La resucitada


La afirmación central de los primeros cristianos es que Jesús resucitó. Lo que había transformado sus vidas estaba contenido en esa sencilla afirmación: el hijo de María, el que vivía dos pasajes más allá y que estaba en el cementerio hace dos días, ahora está vivo. El hijo del carpintero ha vencido a la muerte, y está vivo como sólo Dios lo está. Esta es la experiencia fundante de toda nuestra fe y, por lo tanto, el núcleo desde el cual todo lo demás se debería comprender: el que era Dios nació como hombre y fue crucificado; pero al tercer día, ese hombre que obraba milagros y hablaba con autoridad, resucitó como Dios.

Sin embargo, y gracias a que el Espíritu sopló las respuestas, las primeras comunidades descubren que la Resurrección no es un hecho aislado y que se restringe a ‘aquello que le pasó a Jesús’. Al compartir nuestra humanidad y vérselas con la muerte, el Crucificado ha abierto las puertas de la vida a toda persona. En otras palabras, la muerte no es algo que nos sucede sólo a nosotros sino que le incumbe a Dios; y la resurrección no es algo que le ocurre sólo a Dios, sino a todo hombre y mujer por ser imagen y semejanza suya.

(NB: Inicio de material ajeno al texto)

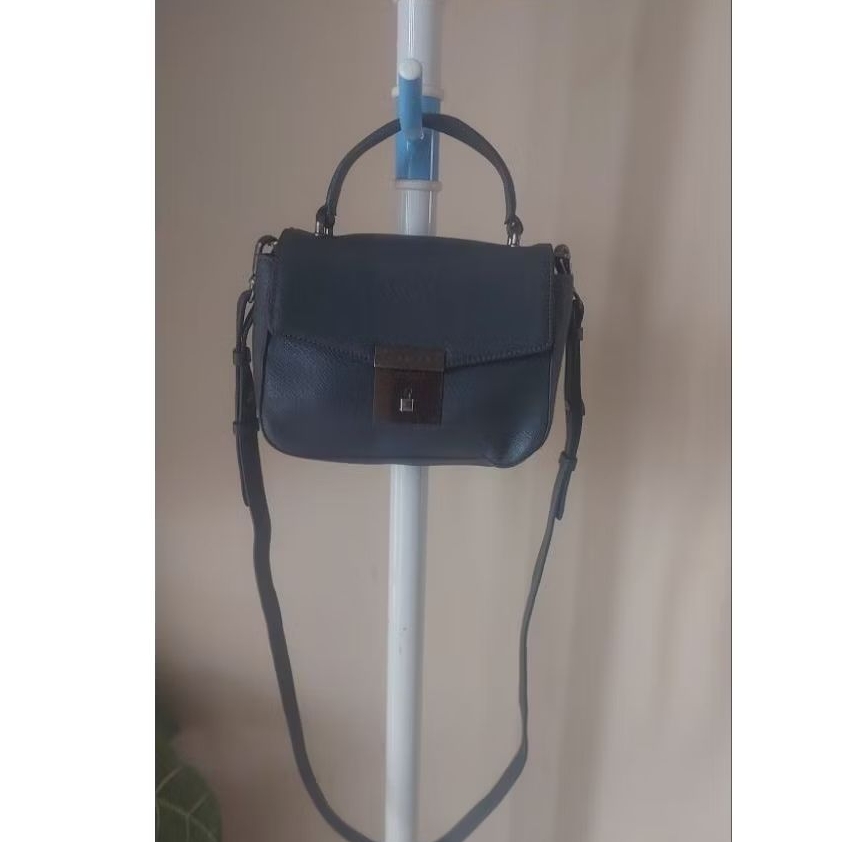 Carlyn slingbag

Tengo la impresión que el Evangelio de este Domingo es una gran catequesis de lo anterior. La mujer estaba muerta o ‘casi muerta’. Para todos los presentes, la adultera recibiría su merecido por ‘gozadora’ y nada la podría salvar del linchamiento popular. Había sido pillada ‘chanchita’ y no tenía nada que alegar. Sin embargo, Jesús la resucita ahí mismo en presencia de todos. Vivió, en menos de un minuto, la muerte y la resurrección de Jesús. Así, él es ella, y ella él.

Pidamos a Dios que nos cambie el corazón ‘de piedras’ para no maltratarlo a Él en nuestros hermanos, y que nuestras xenofobias se transformen en cariñosos besos resucitadores.